Total Pageviews

Friday, January 26, 2018

Visit to Amaravathi





What brings my husband and I to India, besides visiting family and friends, is a commitment to accompanying and encouraging an underserved minority group, recently moved into makeshift neighborhoods, in developing family and community life. Over the last ten years, the project has pretty much settled on the mutually agreed-upon priority of supplementing the education of their children.

The latest addition to the project is a group of about sixty families living just half a block from a museum of local and Buddhist history in the village of Amaravathi.  (Amaravathi is the name chosen from a trio of cities/towns rapidly being developed as the new capital of Andhra Pradesh. Andhra
was divided in two, two years ago, with this, the east side of the 'old' state, retaining the name while the western portion, now named Telangana, retains the 'old' capital,Hyderabad.) Here, however, when I say Amaravathi,  I'll just be talking about the neighborhood we're working with.
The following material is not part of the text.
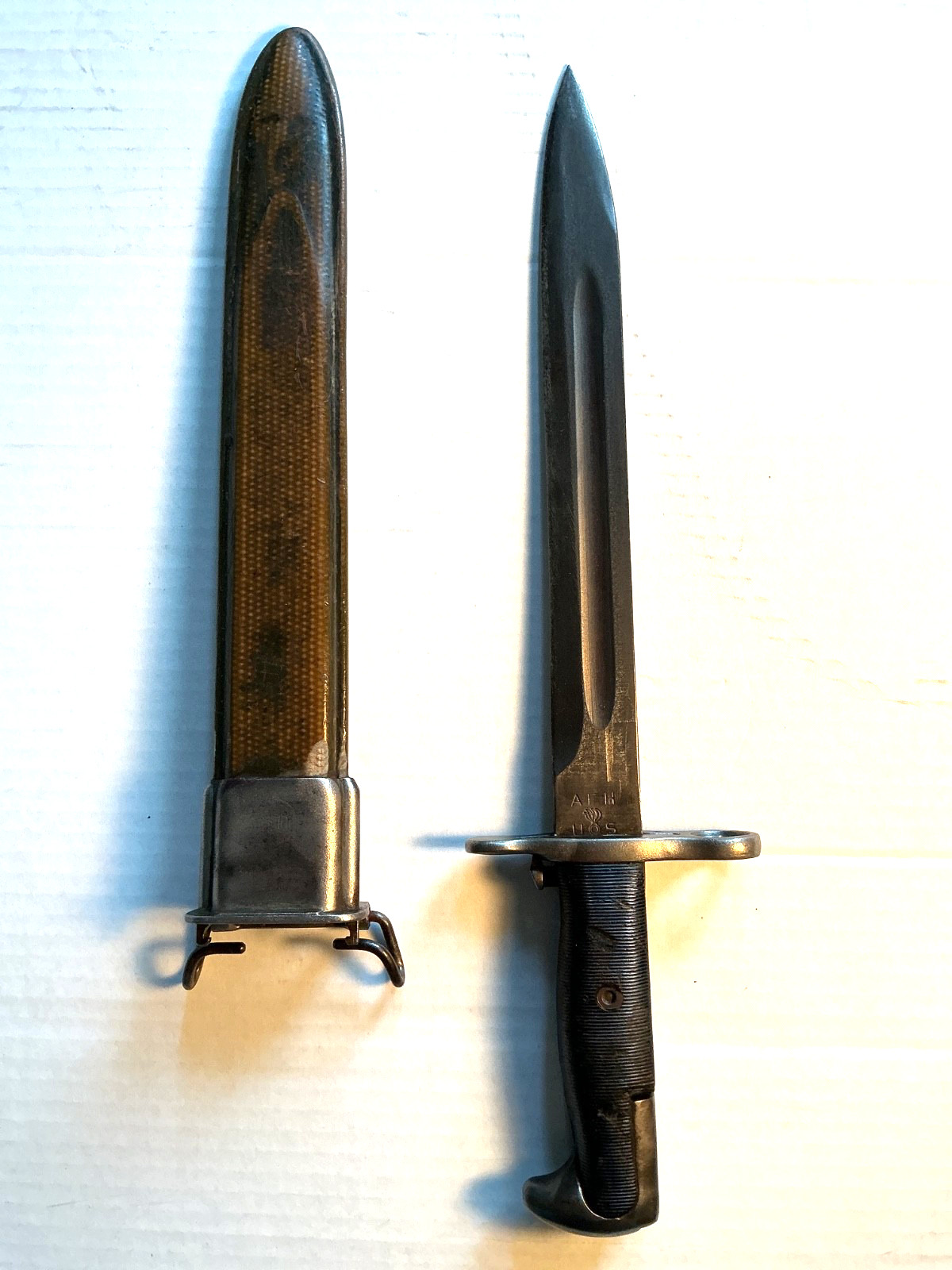 VINTAGE WWII U.S. A.F.H. UOS M1 GARAND BAYONET WITH SHEATH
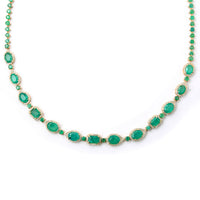 22.26 Ct Natural Emerald 14K Gold Necklace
My husband was asked to consider working with this group, and made a visit or two last year to assess the situation. He was impressed with the need, and agreed with a few elders that we would provide a teacher to supervise and coach their youngsters in the evening.  Then the search for a willing, educated person in a nearby neighborhood began..  We made  one visit before one was found.

Visit number one: December    , Visit to Amaravati Franklin and Shirley walked about a block from car to the church building where the evening school is to be held, just a few blocks from the bus stand, museum, and historic Buddhist sites which are being developed for tourism purposes.  We sat on picnic chairs brought from homes nearby...homes ranging from sticks and rags to sticks and palm leafs to concrete block structures of one or more rooms, amidst piles of rock and sand for ongoing construction. Aside from the single concrete road on which we walked, there were no roads. People watched us, smiled if we made eye contact. Children gathered for the evening school—Franklin started interviewing them right away...many were unkempt, and in charge of a toddler or two.  Children literally tumbled in and out the door whose threshold was four concrete steps and a high wooden lintel?)